Mahmoud Joumma, 39, stood with his wife and two boys, five and 10 years old, by a pile of blankets. They lost their home in Syria's central city of Homs last year in government shelling and for months sheltered in abandoned apartments. With shelling worsening, they decided to head to Jordan, a four-day journey.
Joumma, a former bus driver, said he hopes Assad and the opposition can reach a political deal. "If they don't, God curse them both."
As newcomers settle in, veterans begin their morning routine.
The camp's five bread centers open at daybreak. About 500,000 pitas are handed out daily — four per person.
At the largest center, near the main gate, women and girls enter on the left, men and boys on the right. Each hands a yellow ration card through a metal divider and receives bread.
Bread is free, as are rice, bulgur and lentils. Each person also gets six dinars ($8.5) worth of food stamps every two weeks. With that, they buy eggs, milk and chicken and groceries at markets that redeem coupons.

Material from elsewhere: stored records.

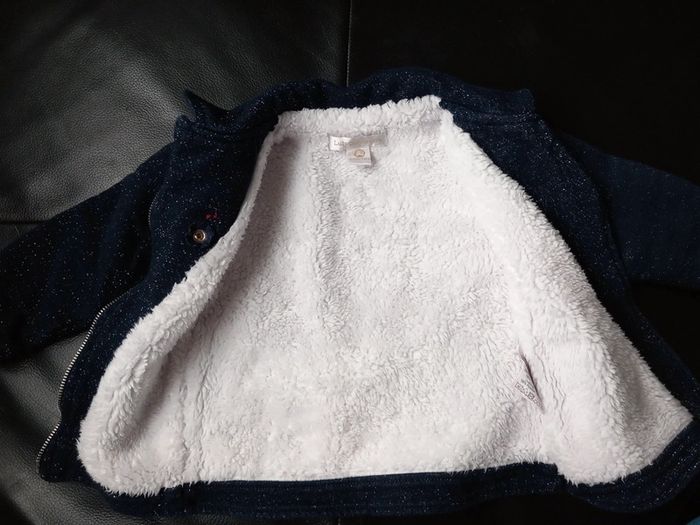 Veste chaude lulu castagnette 12 mois TBE - photo numéro 4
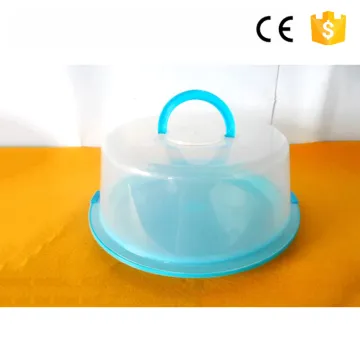 Clear Plastic pp Wedding diy birthday cake saver clear plastic cake box with ribbon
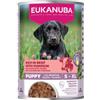 Eukanuba Puppy con manzo e zucca cibo umido per cani 1 confezione (6 x 400 g)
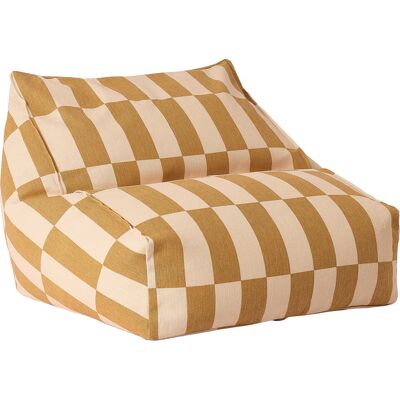 Pouf in cotone biologico Vibes Giallo Beige - Pouf Pouf in cotone biologico Vibes Giallo Beige - Pouf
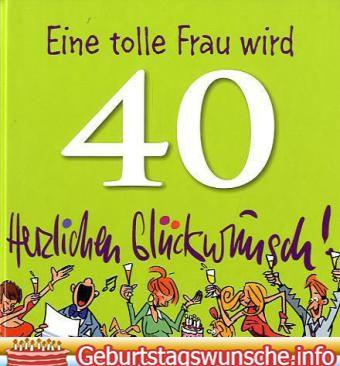 Herzlichen gluckwunsch zum 40 geburtstag wunsche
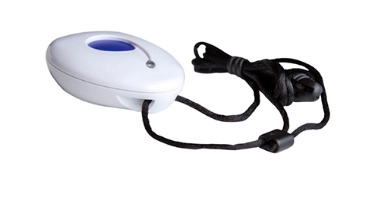 Qolsys  iqfallpendant -  qs1314-840 botón de emergencia de caída inalámbrico para qolsys qs1314-840. detecta automáticamente si el usuario cae o puede presionar el botón para pedir ayuda. (alarm.com)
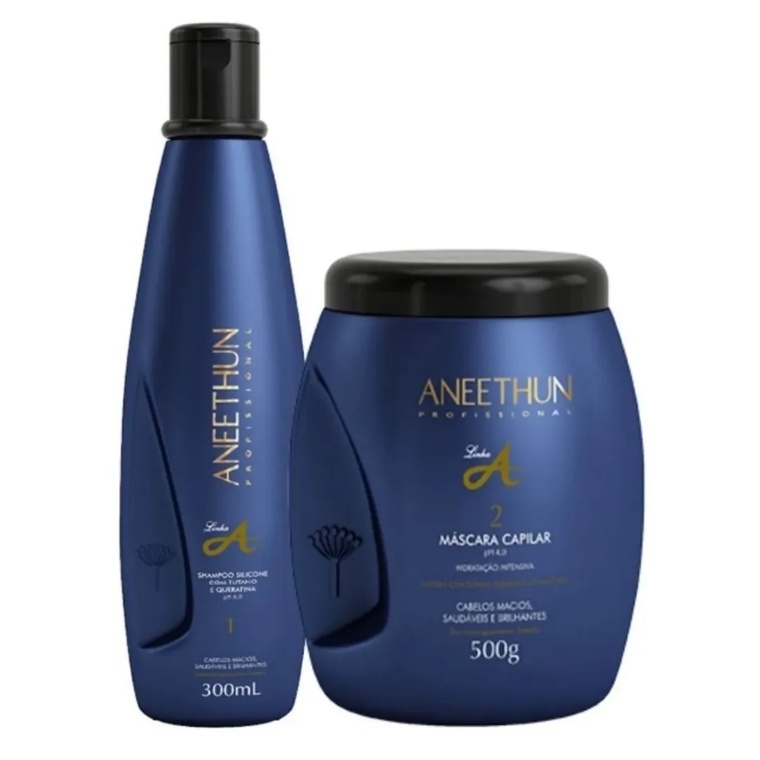 Kit hidratação intensiva Aneethun Linha A em Oferta na Shopee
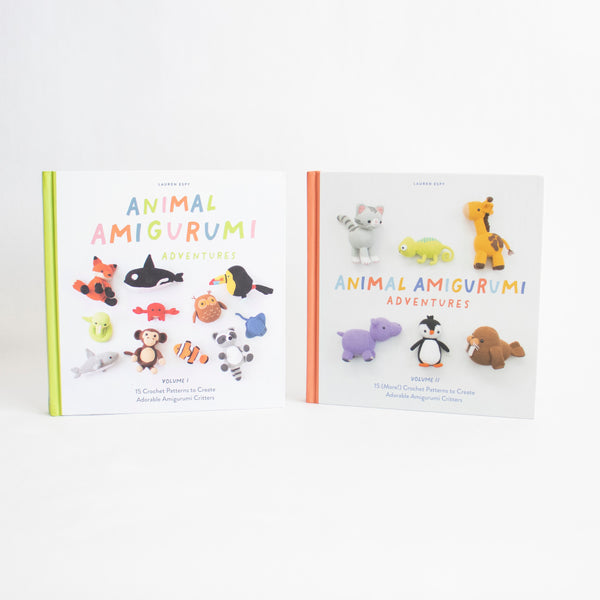 DAMAGED Book Bundle- Animal Amigurumi Adventures Volume 1 & 2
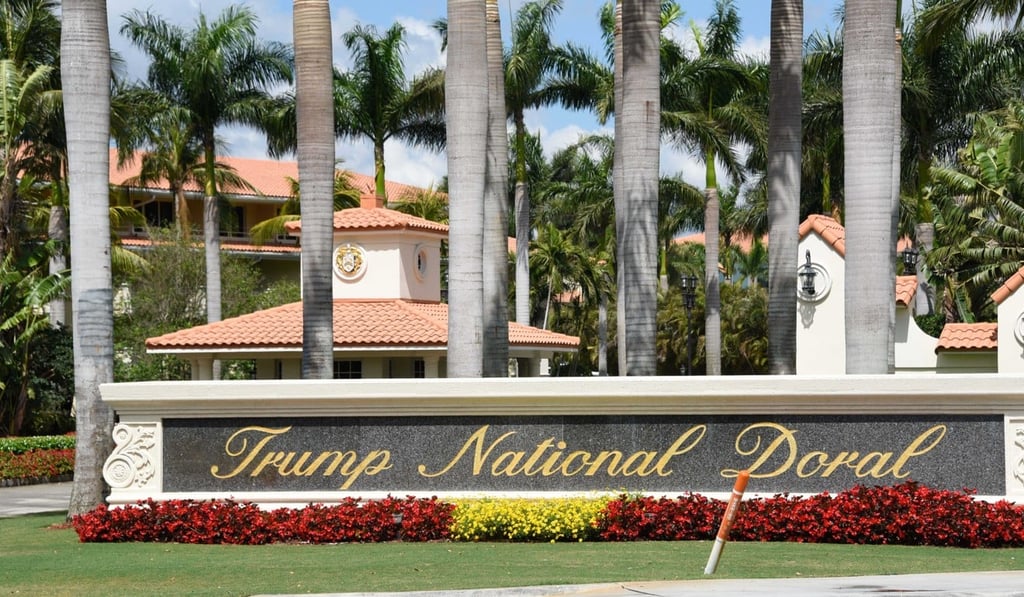 The Trump National Doral golf resort in Miami. Photo: AFP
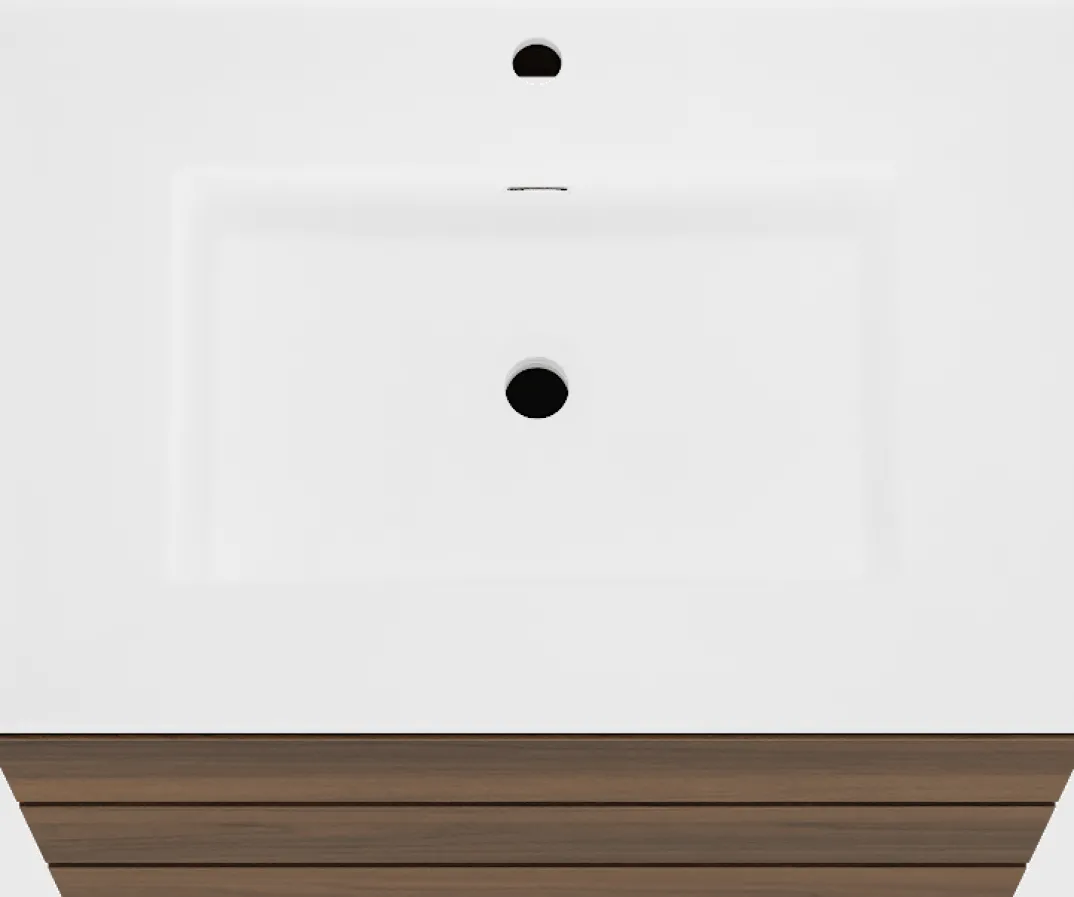 Storke Edge badkamermeubel met Kera wastafel, afvoerplug inbegrepen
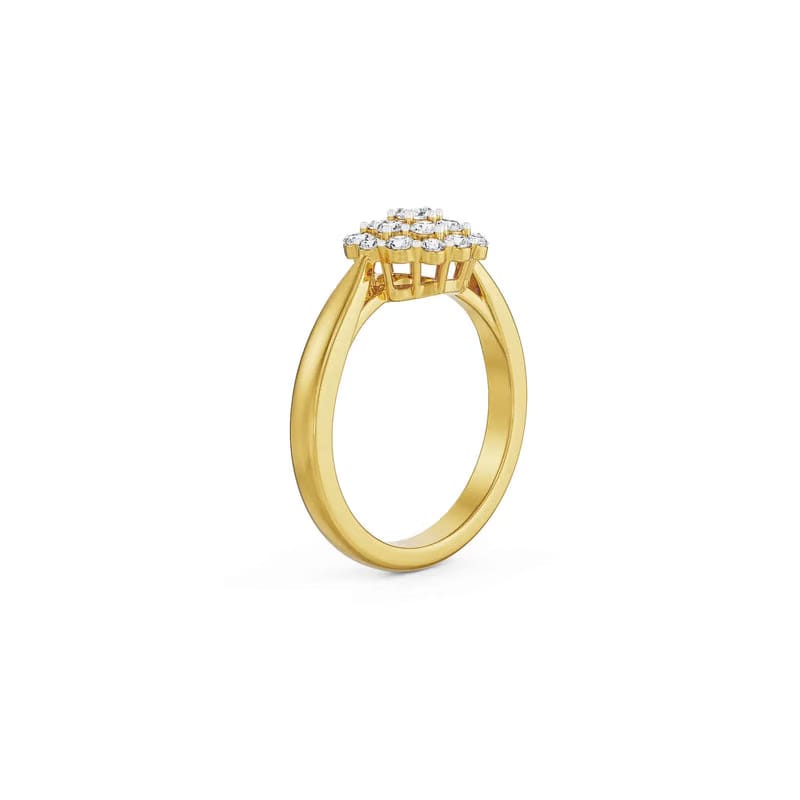 Floral Cassete Diamond Ring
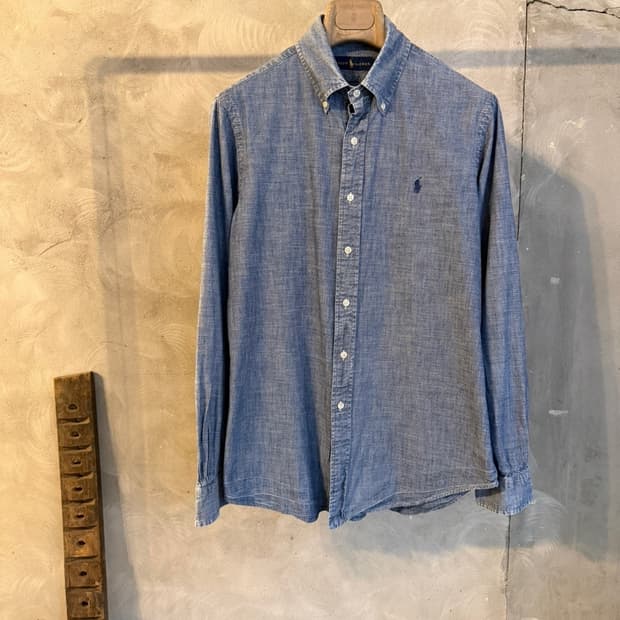 폴로 랄프로렌 샴브레이 버튼다운 셔츠 100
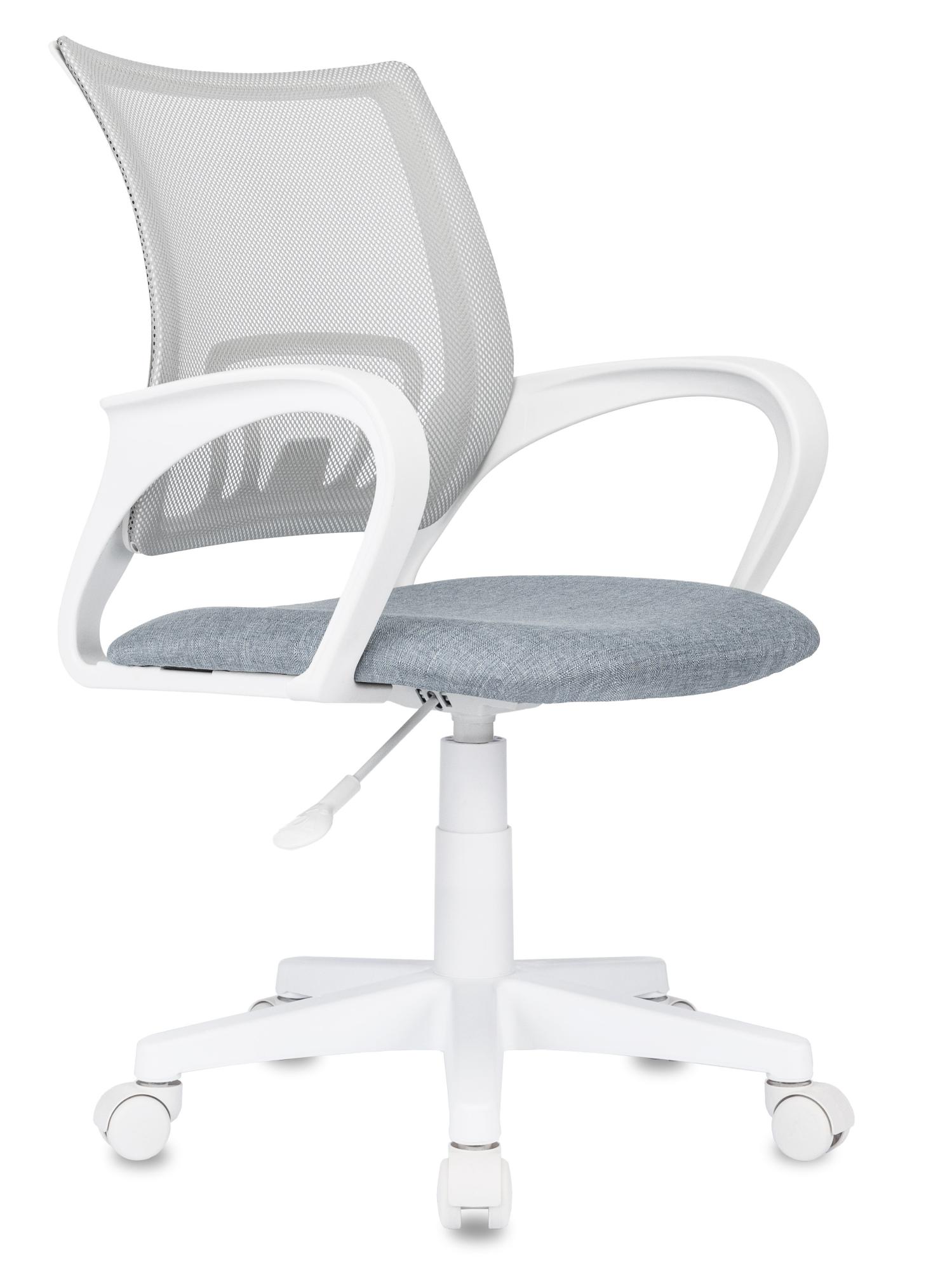 Кресло офисное Domfy DK X-ROOM сетка/ткань/пластик (White/Light Grey)  купить в интернет-магазине icover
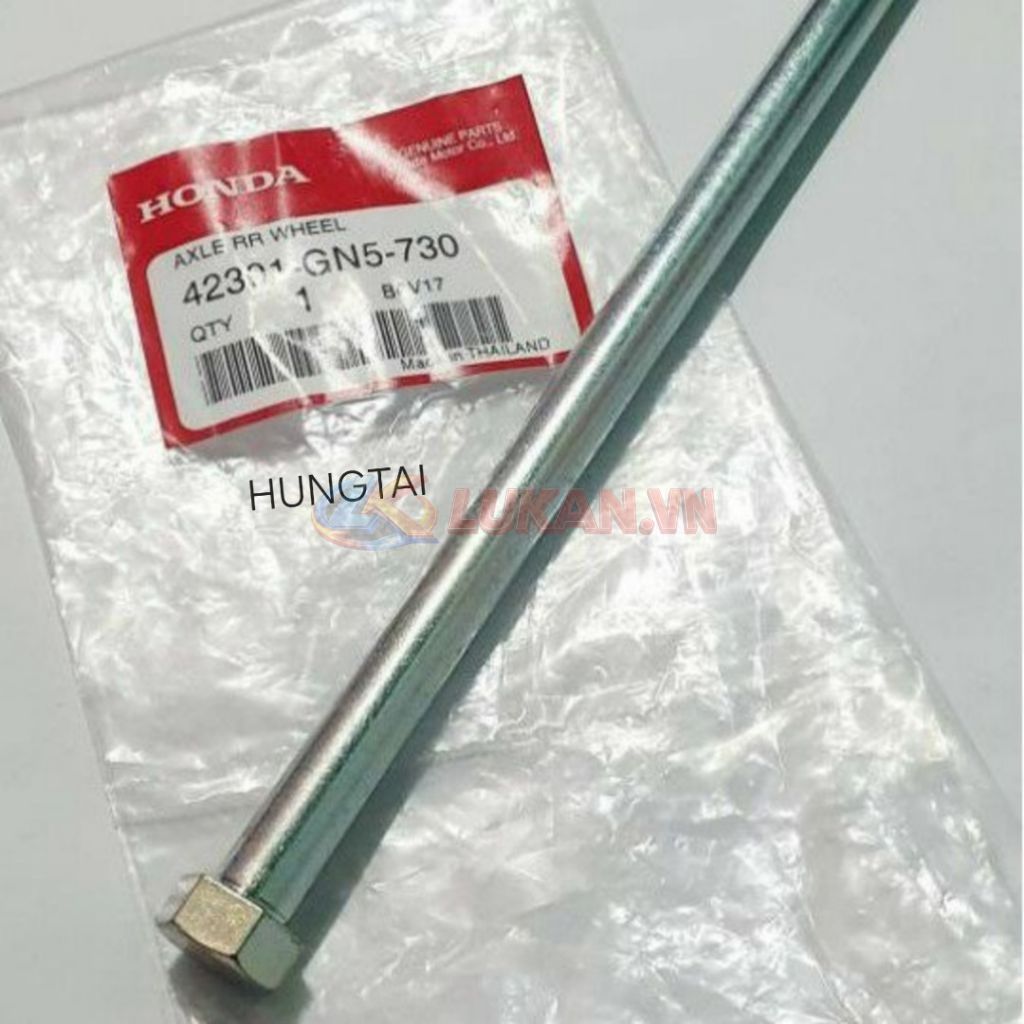 Trục cốt đùm bánh sau xe DREAM Thái zin chính hãng 42301-GN5-730 - Ảnh 5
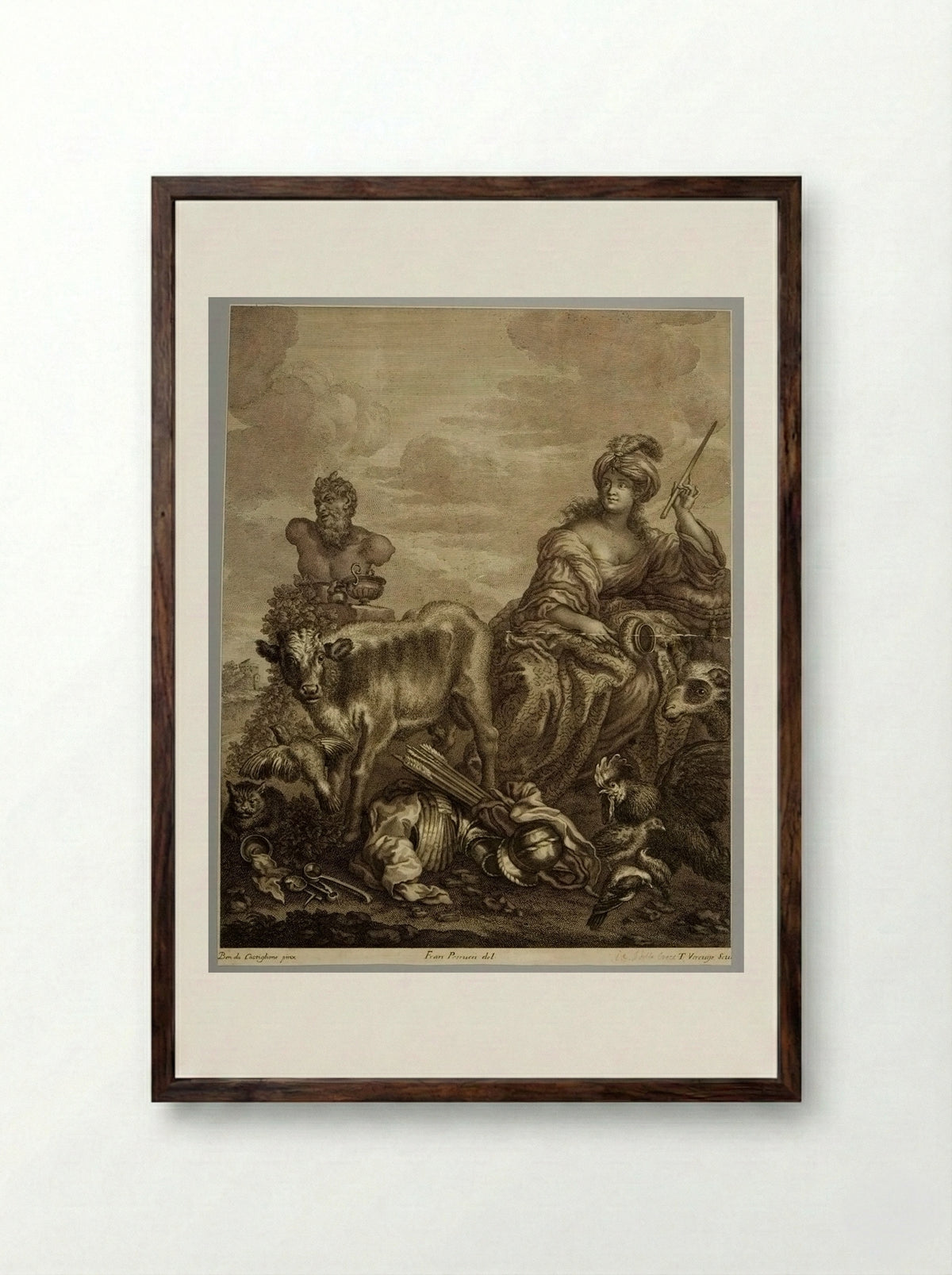 Circe - Theodor Verkruys - Framed Print Dark Wood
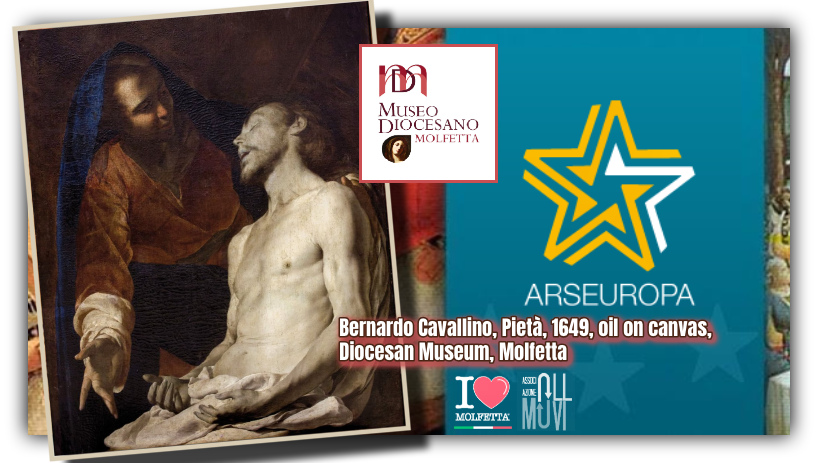 Diocesan Museum, Molfetta: Bernardo Cavallino, Pieta' 1649, oil on canvas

Refugees have created their own camp economy, but its rules are murky. Gangs of thugs have arisen to control some dealings, including a black market in U.N.-issued supplies, Kleinschmidt said.
Camp residents earn money by providing goods and services, from selling homemade pudding to school children to telling fortunes from coffee cups.
Money gets injected into the camp economy from the cash refugees managed to bring with them, sent to them by relatives or from business partnerships with Jordanians.
Another source of money: the camp employs 1,500 cleaners and orderlies, for a dinar an hour. The jobs are rotated every two weeks. Street leaders — put in place by residents — choose who gets them, and many complain of favoritism.
There's also a thriving business in electricity, land, tents and trailers.
Some 350 refugees with technical skills have illegally diverted electricity from the public lighting system to about 70 percent of the households, charging for hookup and maintenance, Kleinschmidt said. The "electricity ministers," he calls them, tongue-in-cheek.
The grid is haphazard. Overloaded transformers sometimes explode. In the end, the U.N. foots the electricity bill to the Jordanian government — about $500,000 a month, likely to reach $700,000 in the winter.
No refugee owns the land — but they do sell it, especially spots in the downtown market where shop stalls line what the residents call Main Street and Saudi Street. Businesses there are bought and sold for hundreds of dinars.